The tribunal found the conduct to be unprecedented. The second victim, 22 years old, was required to leave Canada and return to Mexico.
These fact situations, while certainly dramatic and unusual, nonetheless reflect the disparity between awards for human rights violations in Canadian jurisdictions. Most jurisdictions do not provide a statutory cap, yet the damage awards in many administrative tribunals have tended to be relatively modest. This pattern is clearly changing.
Other Canadian Jurisdictions
In British Columbia, a young Filipino mother who was hired as a housekeeper and required to perform sexual acts “at the whim” of her employer was awarded $50,000. The highest award made to date has been $75,000, but this was not a sexual harassment case. This decision was set aside upon judicial review but later reinstated by the Court of Appeal. The latter noted that the tribunal should not be bound by what had been considered as a historic “range” of damage awards and that is was not “patently unreasonable” for the tribunal to award a sum in excess of the prior maximum, given proper consideration of the evidence before it.
Other jurisdictions do set a statutory maximum. Had the complainant in Singer Shoes resided in Saskatchewan, her maximum recovery, including punitive damages, would be $20,000.
Had she worked for a federally regulated business, her case would be capped at $40,000, which sum is inclusive of the maximum of $20,000 for compensatory damages and a further $20,000 ceiling for “special compensation” for conduct which is wilful or reckless. Sexual harassment is routinely considered as such conduct.
There remains an evident difference in awards across other jurisdictions.
The New Brunswick Tribunal had ordered the sum of $15,000, an inordinately high sum in this jurisdiction, to the male complainant who was subjected to severe harassment by a male colleague. This is likely to be set as the high end of the expected range in New Brunswick.
In Manitoba, an award of $15,000 for general damages and $5,000 for punitive damages was made in favour of a woman who was subject to physical contact by the owner of the business which caused severe emotional harm, including “anxiety, depression, flashbacks and panic attacks which continued for several years.”
The panel noted the Ontario law which then suggested a range of $12,000 to $50,000. It observed that awards in other provinces have been higher than that of Manitoba. Nothing was done to correct that. The facts in this case were said to support an award in the high end of the range.

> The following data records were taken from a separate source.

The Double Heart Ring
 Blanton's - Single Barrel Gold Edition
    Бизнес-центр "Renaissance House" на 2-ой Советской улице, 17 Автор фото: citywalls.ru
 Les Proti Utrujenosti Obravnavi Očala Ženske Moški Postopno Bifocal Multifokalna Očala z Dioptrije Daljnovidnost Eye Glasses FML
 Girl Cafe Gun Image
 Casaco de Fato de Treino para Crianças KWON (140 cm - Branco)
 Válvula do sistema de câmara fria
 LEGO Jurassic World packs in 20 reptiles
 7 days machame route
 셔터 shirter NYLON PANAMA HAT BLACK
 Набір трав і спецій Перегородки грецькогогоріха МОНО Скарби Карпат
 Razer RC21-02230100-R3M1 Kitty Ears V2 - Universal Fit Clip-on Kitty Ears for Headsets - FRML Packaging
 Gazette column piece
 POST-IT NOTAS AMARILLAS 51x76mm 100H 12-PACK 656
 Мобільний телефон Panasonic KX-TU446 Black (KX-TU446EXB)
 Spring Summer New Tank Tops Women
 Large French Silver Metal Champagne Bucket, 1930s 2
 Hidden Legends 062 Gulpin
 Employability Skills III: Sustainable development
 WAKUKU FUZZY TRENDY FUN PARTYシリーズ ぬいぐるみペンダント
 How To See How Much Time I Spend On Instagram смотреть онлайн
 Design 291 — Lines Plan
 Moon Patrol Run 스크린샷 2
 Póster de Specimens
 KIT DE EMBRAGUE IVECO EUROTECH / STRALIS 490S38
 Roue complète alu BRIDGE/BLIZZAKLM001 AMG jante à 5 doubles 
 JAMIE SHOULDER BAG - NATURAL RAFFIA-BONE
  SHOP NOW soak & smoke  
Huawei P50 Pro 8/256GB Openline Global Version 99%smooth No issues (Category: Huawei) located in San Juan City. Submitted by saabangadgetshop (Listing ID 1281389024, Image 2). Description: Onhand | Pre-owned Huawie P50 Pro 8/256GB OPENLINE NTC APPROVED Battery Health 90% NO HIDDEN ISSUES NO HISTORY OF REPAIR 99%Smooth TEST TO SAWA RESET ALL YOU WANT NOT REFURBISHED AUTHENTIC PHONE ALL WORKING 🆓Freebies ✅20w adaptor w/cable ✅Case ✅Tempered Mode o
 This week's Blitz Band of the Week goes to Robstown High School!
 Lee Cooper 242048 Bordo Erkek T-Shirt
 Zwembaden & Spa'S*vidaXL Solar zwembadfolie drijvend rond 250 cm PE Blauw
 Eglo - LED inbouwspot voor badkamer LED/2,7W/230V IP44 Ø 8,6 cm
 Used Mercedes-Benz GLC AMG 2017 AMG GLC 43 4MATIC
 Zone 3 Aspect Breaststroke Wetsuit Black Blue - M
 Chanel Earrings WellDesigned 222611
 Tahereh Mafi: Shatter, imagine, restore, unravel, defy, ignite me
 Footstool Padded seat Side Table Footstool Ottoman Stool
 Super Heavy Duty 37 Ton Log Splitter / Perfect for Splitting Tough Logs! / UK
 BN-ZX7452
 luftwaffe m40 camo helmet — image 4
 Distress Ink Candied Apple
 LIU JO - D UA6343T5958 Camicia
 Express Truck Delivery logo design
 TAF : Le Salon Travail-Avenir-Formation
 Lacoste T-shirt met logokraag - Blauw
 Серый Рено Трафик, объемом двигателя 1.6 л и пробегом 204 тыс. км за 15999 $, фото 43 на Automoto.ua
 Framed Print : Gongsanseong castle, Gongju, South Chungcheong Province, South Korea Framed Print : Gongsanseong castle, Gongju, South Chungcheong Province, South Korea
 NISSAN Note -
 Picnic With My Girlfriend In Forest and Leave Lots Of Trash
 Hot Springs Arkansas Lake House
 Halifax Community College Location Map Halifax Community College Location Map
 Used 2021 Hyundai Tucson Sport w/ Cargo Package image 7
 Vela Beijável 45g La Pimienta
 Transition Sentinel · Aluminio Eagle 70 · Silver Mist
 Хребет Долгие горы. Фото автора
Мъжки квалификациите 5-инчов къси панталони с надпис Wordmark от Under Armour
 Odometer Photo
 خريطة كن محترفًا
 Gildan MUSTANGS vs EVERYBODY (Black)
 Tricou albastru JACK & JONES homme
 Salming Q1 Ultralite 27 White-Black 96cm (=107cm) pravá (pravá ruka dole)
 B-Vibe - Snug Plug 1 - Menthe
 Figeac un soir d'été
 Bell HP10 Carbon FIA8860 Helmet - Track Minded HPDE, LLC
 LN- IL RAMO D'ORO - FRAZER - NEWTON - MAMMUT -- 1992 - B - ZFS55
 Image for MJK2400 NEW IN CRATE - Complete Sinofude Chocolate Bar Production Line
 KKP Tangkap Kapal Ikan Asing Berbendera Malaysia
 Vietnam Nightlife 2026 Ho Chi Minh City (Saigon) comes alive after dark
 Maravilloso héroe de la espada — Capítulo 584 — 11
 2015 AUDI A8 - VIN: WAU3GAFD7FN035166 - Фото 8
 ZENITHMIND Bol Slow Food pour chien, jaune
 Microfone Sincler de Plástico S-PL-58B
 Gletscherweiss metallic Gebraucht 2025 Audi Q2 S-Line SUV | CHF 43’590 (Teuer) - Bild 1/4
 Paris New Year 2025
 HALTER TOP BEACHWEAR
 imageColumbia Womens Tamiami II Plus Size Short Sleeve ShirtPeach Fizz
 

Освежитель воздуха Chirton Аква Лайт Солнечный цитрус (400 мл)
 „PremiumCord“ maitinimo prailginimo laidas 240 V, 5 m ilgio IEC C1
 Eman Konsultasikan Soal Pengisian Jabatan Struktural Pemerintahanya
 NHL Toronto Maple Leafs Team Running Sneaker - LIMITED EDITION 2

Until the decision of the Alberta tribunal awarding $25,000, the rough maximum was $10,000. The Alberta Court of Appeal noted in this case that prior generally damage awards “have been low, arguably nominal”. This was not a case of sexual harassment but it does set the bell weather for the future of such awards.
Ideally, there should not be such a vivid disparity between jurisdictions, particularly one cemented by statute.
For this reason, complainants in such jurisdictions may well be advised to seek compensation by the traditional tort remedies.
 A young Filipino mother who was hired as a housekeeper and required to perform sexual acts “at the whim” of her employer was awarded $50,000.
 Kelly v. University of British Columbia, 2013 BCHRT 302 (CanLII) (adverse treatment due to a mental disability). This award was based on a mental disability. The award was set aside on a judicial review application as “patently unreasonable” on first review, yet later restored by the Court of Appeal. An award of $35,000, then the highest award, in Senyk v WFG Agency Network (#2) in 2008. This was a case based on discrimination due to a physical and mental disability with respect to an employee of a long term history.
 The conduct was nothing but exceptional. The most serious offence was that the complainant woke up to discover the respondent committing fellatio upon him.
 The Manitoba Code allows for punitive damages of up to $5,000 against an individual and up to $25,000 against a corporation. This order was made against the owner personally.
 The sum of $125,000 was awarded in the City of Calgary case but this was a unique case in which the arbitrator was empowered by mutual agreement to consider all remedies, including arbitral, human rights and tort. It is also illustrative of the difference between human rights and common law tort remedies.